Task item: All lines below between the line with "E カクテルマム／F オレガノ ミルフィーユリーフ" and the line with "Fagus sylvatica L. - Bkk", including both, must be copied exactly, and the pictures must be omitted.

Data for this exercise:
________________________

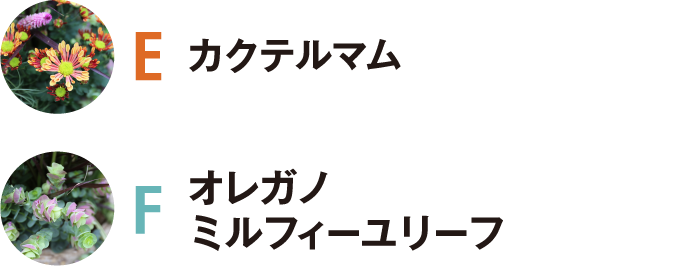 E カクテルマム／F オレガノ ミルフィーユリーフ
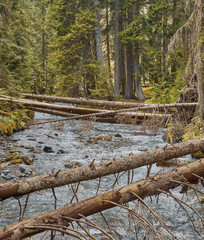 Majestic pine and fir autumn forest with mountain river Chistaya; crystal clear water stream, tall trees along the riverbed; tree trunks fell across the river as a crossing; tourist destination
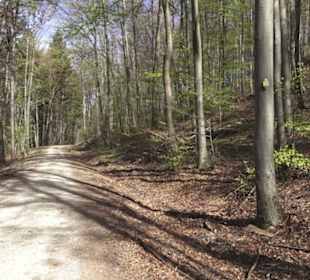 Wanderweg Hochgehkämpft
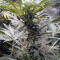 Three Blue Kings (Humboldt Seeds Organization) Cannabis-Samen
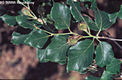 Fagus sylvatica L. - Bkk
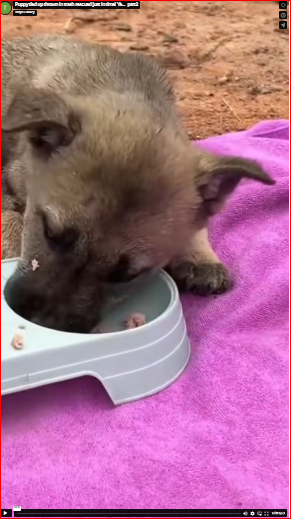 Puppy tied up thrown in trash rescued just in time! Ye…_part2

________________________

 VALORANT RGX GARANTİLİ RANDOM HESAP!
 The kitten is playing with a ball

________________________

Reply to the task:
 E カクテルマム／F オレガノ ミルフィーユリーフ
 Majestic pine and fir autumn forest with mountain river Chistaya; crystal clear water stream, tall trees along the riverbed; tree trunks fell across the river as a crossing; tourist destination
 Wanderweg Hochgehkämpft
 Three Blue Kings (Humboldt Seeds Organization) Cannabis-Samen
 Fagus sylvatica L. - Bkk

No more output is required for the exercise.